Prediction: The first-round election results were bruising for many political societies, particularly the National Unity Gathering. The most likely second-round scenario is that the Sunni societies Al-Asalah and Al-Minbar win two parliamentary seats each, meaning a total of just four seats for Sunni-loyalist political societies.
For journalists covering parliamentary elections in most parts of the world they have an easy task – it is a question of looking at the three or four main political parties and how they fare when it comes to the public vote.
In Bahrain, the composition of the Parliament is very different and it’s not unusual for more than half of the Parliament to be independents, particularly since the boycott by Al-Wefaq Islamic Society, the single largest grouping.
The other two major societies in previous rounds of elections have been the Sunni Islamist societies: The Salafist Al-Asalah Society and the pro-Muslim Brotherhood Al-Minbar Society.
In the past, these two groups have tried to coordinate their elections strategy, this was less successful in 2010 and the result was that these two societies only won five seats between them; three for Asalah and two for Minbar.
However, in 2014, Minbar decided to compete as part of the new loyalist Al-Fateh Coalition. Three other Al-Fateh societies put forward candidates: The National Unity Gathering put forward seven candidates, Mithaq fielded three and Al-Wasat’s secretary-general Ahmed Al Binali contested in the 3rd Muharraq district. Minbar fielded five candidates and Asalah acting completely independently put forward six.
However, even the Al-Fateh societies didn’t fully agree on an elections strategy.
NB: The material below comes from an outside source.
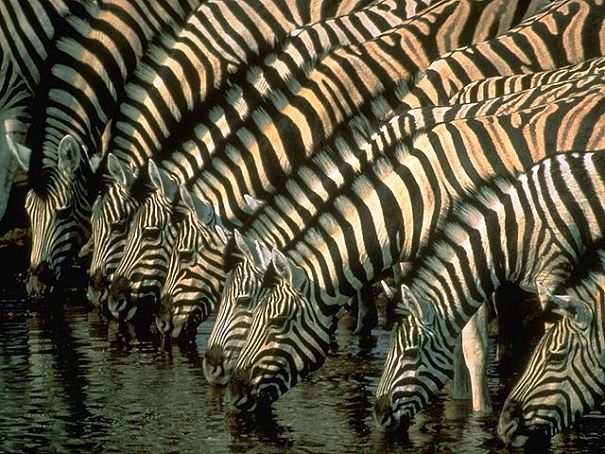 zebras at watering hole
For example, in 1st Southern the vote was split three ways between the NUG, Minbar and Asalah.
The only other major political society associated with the elections was the new liberal grouping Al-Watan. However, several members stood as independents, the secretary-general former MP Ahmed al-Saati did not register and several prominent candidates like Lulwa Mutlaq, Bard al-Hammadi and Adel Al Safr performed worse than expected in the 22 November first round vote.
There was a pervasive sense prior to the elections that voters were losing trust in political societies and the prospects were stronger for independent candidates. In fact, several figures known to be associated with political societies competed on an independent platform for precisely this reason.
The first round vote
The first round vote was a disaster for the National Unity Gathering. None of its seven candidates made it into the second round and several figures scored very disappointingly in the public vote. Mithaq and Wasat performed a little better, with two from Mithaq and Wasat’s candidate all getting second place and making it into the second round. However, none of these contestants are favourites to win in the second round vote on 29 November.
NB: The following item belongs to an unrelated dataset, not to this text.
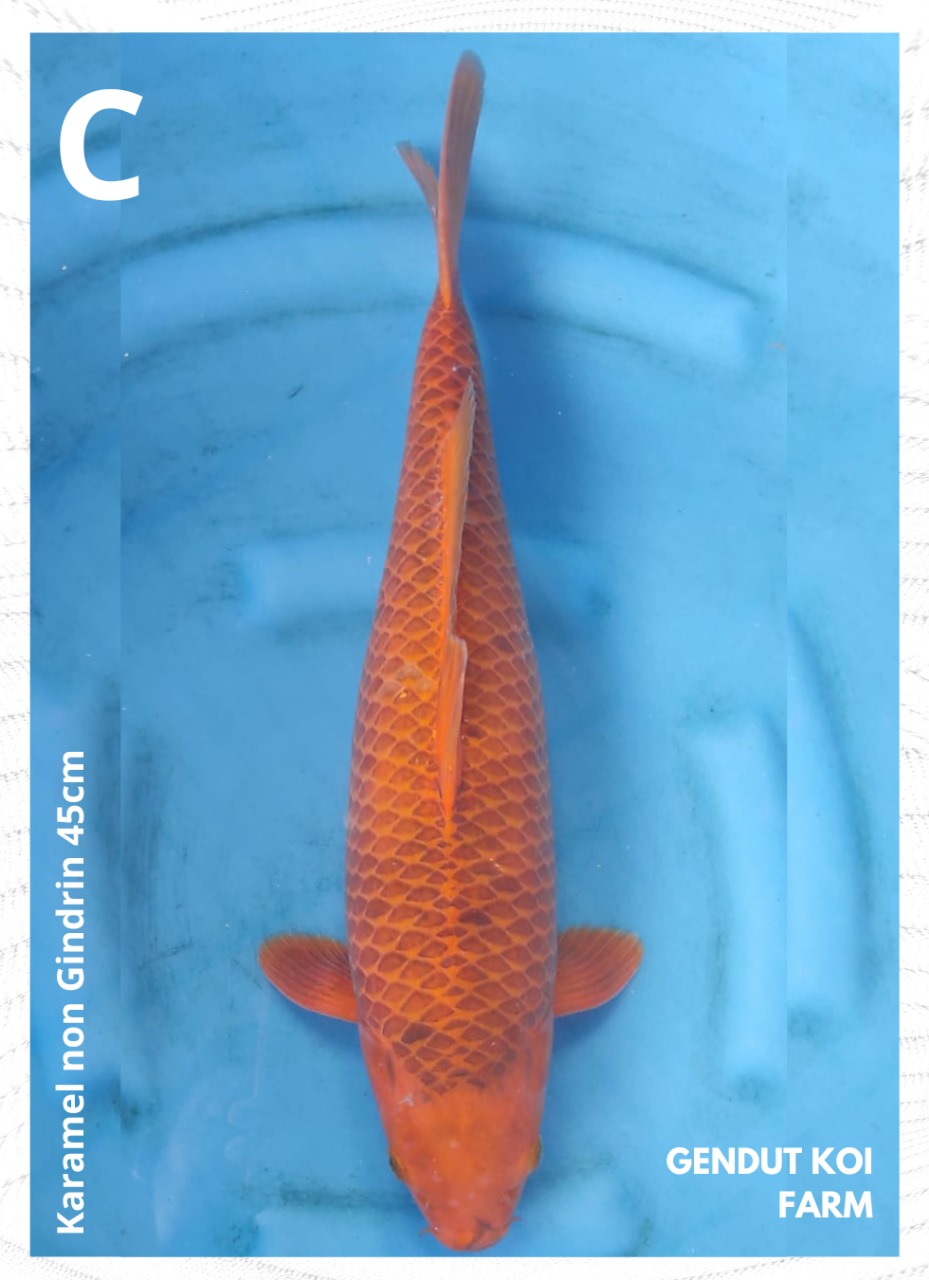 KARAMEL NON GINDRIN 45cm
Asalah lost two candidates in the first round, Abdulnasir al-Mahmeed (3rd Muharraq) and Abdulrazzaq al-Hattab (5th Southern). However Asalah’s Abdulhalim Murad was one of the few candidates to win outright in the first round with more than 50% of the vote and guarantee their place in Parliament.
There were three districts where Asalah and Minbar went head-to-head. In 1st Southern, the Minbar contestant was knocked out, but Asalah’s Adnan al-Maliki came a distant second to independent candidate Khalid al-Shaer (1797 votes to 1198). In 10th Northern Asalah’s Khalid al-Mahmoud came a distant second to Minbar’s Mohammed al-Ammadi (3643 votes to 2138)
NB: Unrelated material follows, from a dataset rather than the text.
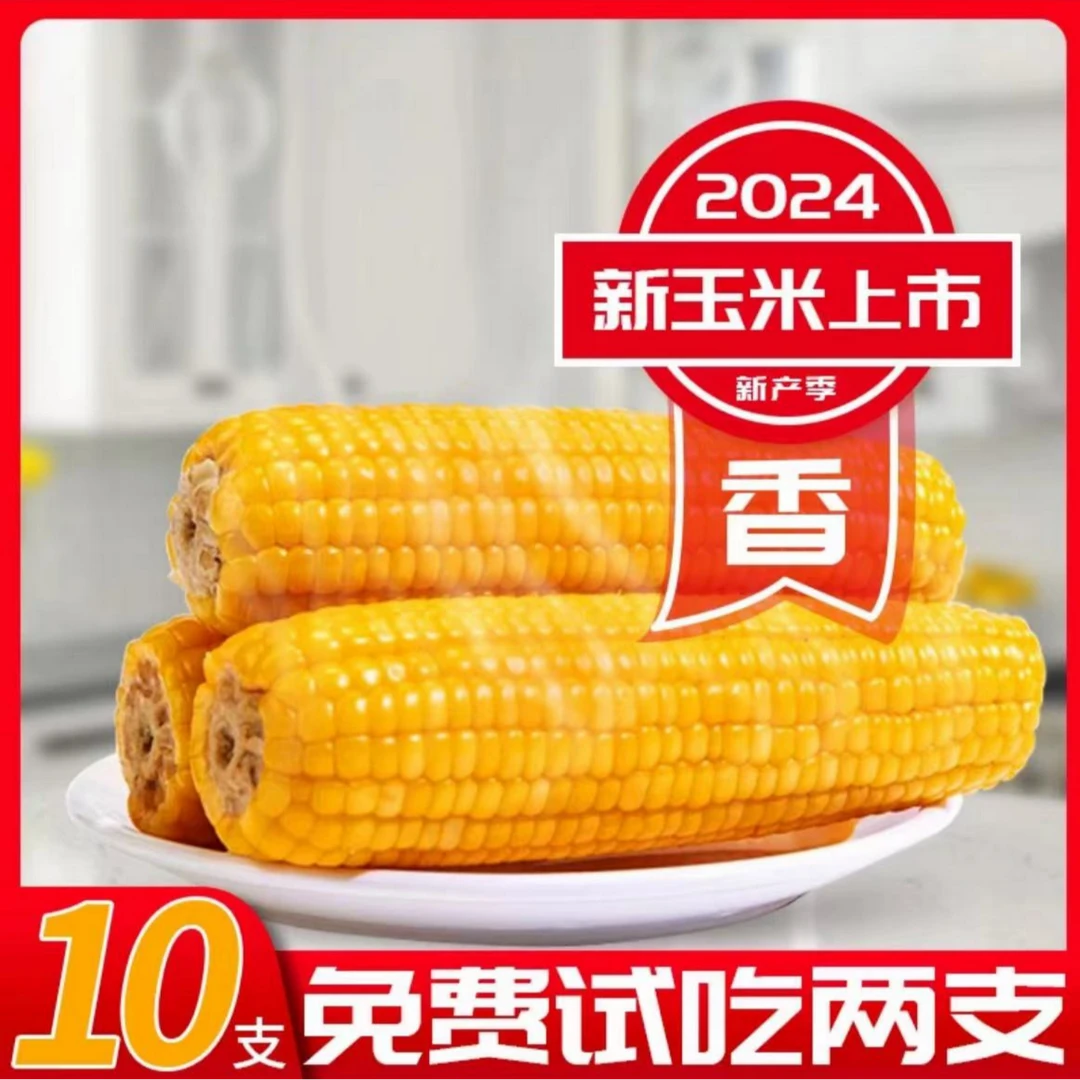 2024头茬 东北黄糯玉米10支280g起/整箱不低于6斤试吃两支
In 7th Muharraq Asalah’s Ali al-Muqlah narrowly beat Minbar’s Nasser al-Fadhalah into second place (1599 votes to 1525). So all three of these Asalah candidates are through to the second round, but only Al-Muqla is (narrowly) a favourite to win.
Therefore the most likely scenario is that Asalah get two parliamentary seats; Abdulhalim Murad’s seat is guaranteed and Ali al-Muqla may hold his lead against Al-Fadhalah in 7th Muharraq.
Al-Minbar also have four contestants through to the second round. However, two of these – as we have seen – have to face-off against Asalah candidates.
Minbar’s Saadi Mohammed came first place in 1st Muharraq (1986 votes to Ali Bufursan’s 1567) and Adel al-Dhawadi squeezed into the second round, scoring 1848 votes against 2158 votes for independent candidate Isa Turki.
With one Asalah candidate guaranteed a seat, and two seats where Asalah and Minbar are competing against each other, the minimum number of parliamentary seats these societies can win between them is three. The maximum number of seats these two societies can win is six. However, as we have seen, two candidates – Asalah’s Al-Maliki and Minbar’s Al-Dhawadi – are not favourites to win their seats.
Therefore, the most likely scenario is that Minbar and Asalah come away with four seats between them, probably two each.
However, this doesn’t stop these societies allying themselves with other nominally independent figures in the Parliament to widen the size of their political bloc and strengthen their influence.